In pondering these questions, I am reminded of a line from the Book of Samuel, uttered amid brutal battle between the military commanders Avner and Yoav. “Must the sword devour forever?” Avner cries, pursued by Yoav’s men even after his army’s decimation. “You know how bitterly it’s going to end!” That is the question that must be put to all supporters of Israel’s unending violence. It also brings to mind the prophetic clarity of Tawfiq Ziad, the Palestinian revolutionary poet and activist who was a member of the Knesset during Begin’s march to war in Lebanon. During an early debate over the government’s intervention to destroy military installations on the border in May 1981, several opposition parliamentarians warned the prime minister that his aggressive stance was inviting disaster. Begin doubled down: “I will continue with this course. Neither you nor anyone else will teach me national responsibility.
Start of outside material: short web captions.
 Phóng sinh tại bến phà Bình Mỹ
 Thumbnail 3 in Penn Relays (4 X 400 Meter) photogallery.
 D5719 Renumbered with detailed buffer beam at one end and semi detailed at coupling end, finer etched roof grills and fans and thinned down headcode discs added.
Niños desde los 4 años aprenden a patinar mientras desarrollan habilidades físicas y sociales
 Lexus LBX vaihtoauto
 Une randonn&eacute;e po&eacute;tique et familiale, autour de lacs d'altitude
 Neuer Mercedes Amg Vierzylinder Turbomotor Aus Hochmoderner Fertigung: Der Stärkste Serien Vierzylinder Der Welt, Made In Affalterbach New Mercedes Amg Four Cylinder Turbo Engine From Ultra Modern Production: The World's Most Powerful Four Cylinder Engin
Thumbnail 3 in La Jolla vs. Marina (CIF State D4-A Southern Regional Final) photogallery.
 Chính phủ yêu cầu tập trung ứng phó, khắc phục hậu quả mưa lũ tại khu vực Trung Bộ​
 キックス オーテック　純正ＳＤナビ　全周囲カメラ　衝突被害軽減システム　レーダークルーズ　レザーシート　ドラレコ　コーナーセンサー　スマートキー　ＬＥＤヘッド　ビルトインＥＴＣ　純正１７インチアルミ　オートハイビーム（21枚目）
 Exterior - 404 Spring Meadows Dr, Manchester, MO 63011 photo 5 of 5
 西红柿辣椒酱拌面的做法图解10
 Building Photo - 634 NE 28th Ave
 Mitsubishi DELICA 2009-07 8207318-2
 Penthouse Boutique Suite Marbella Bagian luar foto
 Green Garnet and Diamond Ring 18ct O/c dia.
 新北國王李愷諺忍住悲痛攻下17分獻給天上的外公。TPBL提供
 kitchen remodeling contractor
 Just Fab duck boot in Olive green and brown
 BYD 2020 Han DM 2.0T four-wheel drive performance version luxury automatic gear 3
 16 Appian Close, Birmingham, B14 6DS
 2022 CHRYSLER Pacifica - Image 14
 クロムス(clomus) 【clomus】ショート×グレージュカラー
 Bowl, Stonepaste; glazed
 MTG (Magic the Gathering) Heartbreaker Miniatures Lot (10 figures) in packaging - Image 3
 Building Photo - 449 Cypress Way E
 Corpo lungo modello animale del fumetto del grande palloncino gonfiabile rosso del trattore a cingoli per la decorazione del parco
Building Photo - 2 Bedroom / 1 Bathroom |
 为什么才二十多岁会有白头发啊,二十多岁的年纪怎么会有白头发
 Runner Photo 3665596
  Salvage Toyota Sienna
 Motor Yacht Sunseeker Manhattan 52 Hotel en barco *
Be quiet.” “You want war,” Ziad told the Prime Minister. “You have already decided on war, on bloodshed.” Israel is now a rogue state consumed by a forever war—weak where it appears strong, and dragging a constellation of Western powers with it into a battle of folly. “They say that the most wretched dealer is the one who is addicted to his own drugs,” the Israeli political analyst Orly Noy wrote recently. “Israel has become addicted to the drug of death, which it has been forcefully injecting into Palestinians for years, and now is injecting itself unconsciously. The next dose will fix us for sure, just wait.”